Thursday, 5 August 2010

The genius of Please Please Please Let Me Get What I Want

Morrissey was a hero to most but he don’t mean shit to me. Chuck D said that. Its on an unreleased song though, you won’t have heard it, its dead rare.

Although I can take or leave the North Western divas flouncing and utterly high opinion of himself, he has always been around and featured in some way throughout my life, if it wasn’t friends that in the normal run of things would be described as resolutely heterosexual only to turn into Monty Pythons camp soldiers at the merest mention of him, if it wasn’t them it was girlfriends, girlfriends and a wife that would have and would dump me given the word by the bequiffed one. For me he was just there, he did that music but it was all a bit, merely OK.

One song though has been a constant companion over the years, its a song that was was and is omnipresent, that separated the boys from the men in The smiths canon of work and still haunts me today.

Please Please Please Let Me Get What I Want.

At some point in the mid eighties a friend played me Hatful of Hollow, I say played, he played it at me, he made me listen to it and I guess if it was released now with a title such as The Smiths Greatest Hits Volume 1, no one would deny that wasn’t so, If it is your thing its possibly one of if not the greatest albums ever made. Wikipedia informs me that in 2000 it was considered to be the 44th of all time. Wowsers, THATS good. Mid eighties me though kept looking at his watch and muttering under his breath. Till the end that is, then coming in all different, all beautiful, all gorgeous and utterly different was Please Please Please Let Me Get What I Want. In all its sub 2 minute lovliness.

Please Please Please Let Me Get What I Want by The Smiths

The song saunters in, gives the briefest of hello’s and then buggers off again with nary a bye nor leave, it is, to quote John Peel, short to the point of abruptness. It was long enough to sear an impression though, and the impression was indelibly seared. So much so that I made it my next move to hurry back for The A Team and forget about the song for a year or two.

Fast forward to Christmas 1985 and Barry Norman is giving us his run down of the films of the year, usual twaddle, foreign language I will be bound but at the end he dangles a carrot of what is to come in 1986, as the credits roll he plays the Twist and Shout scene from the fantastic Ferris Buellers Day Off.

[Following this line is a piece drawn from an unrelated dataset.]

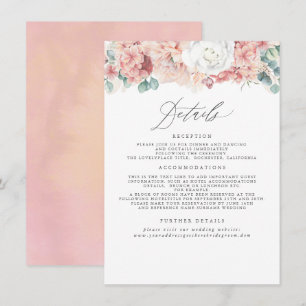 Carte D'accompagnement Rose Dusty Pêcher Floral Information Mariage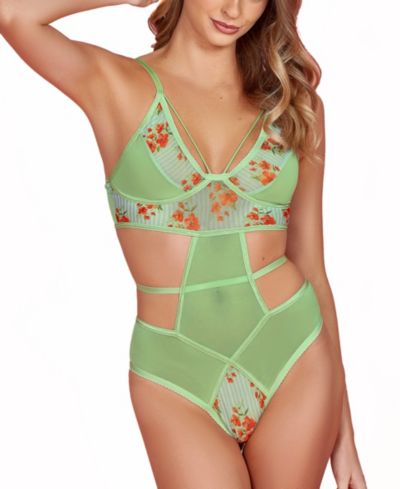 Hauty Women's 1-Piece Floral Embroidered Bodysuit Lingerie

A film that I had to see, and did see as soon as Shrewsbury’s cinema was ready to show it. I adored that film and then during a scene at a museum, perhaps at the point where Sloane realises that she loves Ferris, then the sound of Please Please Please Let Me Get What I Want their instrumental version fills the scene, but at the hands of The Dream Academy. Time has shown me that Life In A Northern Town is a great song, but what they put into The Smiths track was sublime, beautiful and perfection between soundtrack and scene. I had to buy that. I still own that 7” and if grooves could talk it would tell you that it was and possibly is my most played 7”, either that or Wig Wam Bam by The Sweet (what can I say I worked at Butlins for 7 years, it was a popular party dance tune).

Please Please Please Let Me Get What I Want by The Dream Academy.

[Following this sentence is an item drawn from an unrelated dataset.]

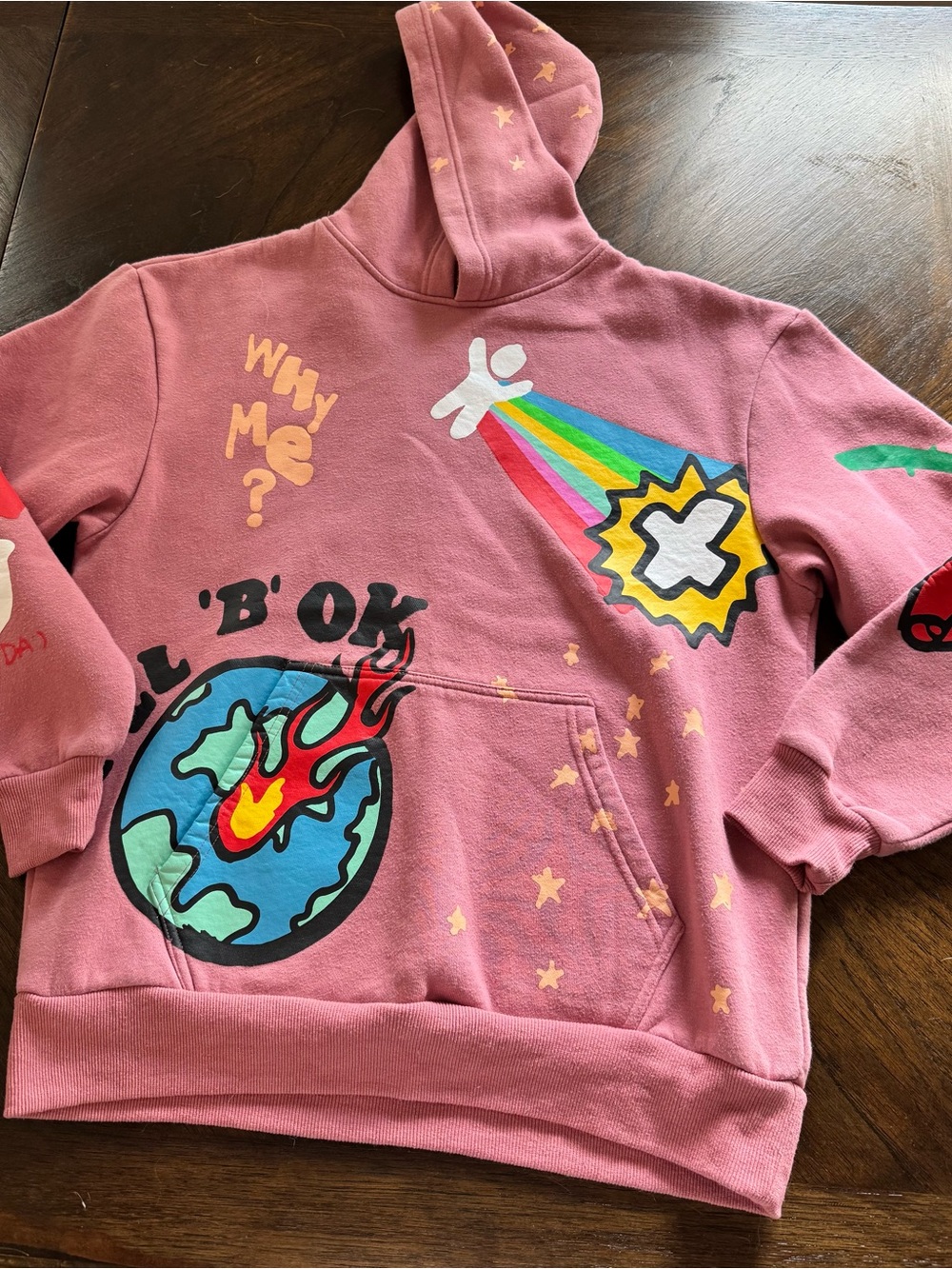 Pink Graphic Hoodie Sweatshirt - Colorful Space & Earth Prints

Time moves on and with time comes compilation tapes, the maker and the receiver. The thing with compilation tapes, mixtapes is that that little bit at the end of track 13 or 14 needs filling or you have either half a song or a minute or two of nothing. There is only one song that is happy to fit that and that is Please Please Please Let Me Get What I Want, be it The Smiths version, The Dream Academy’s version, Deftones version or of late OK Go’s version or the fantastic Decemberists and their version. Covered by many, end of side two mixtape for all.

Please Please Please Let Me Get What I Want by She and Him.

These days it has popped up on the 500 Days of Summer soundtrack in two guises, the faultless original and the magnificent cover performed by Zooey Deschanel and M Ward as She and Him. The song is always there, always about, ubiquitous and it needs to be. For all of the dross Morrissey and The Smiths have produced over the years, his flirtations and mistakes, Please Please Please Let Me Get What I Want remains perfect.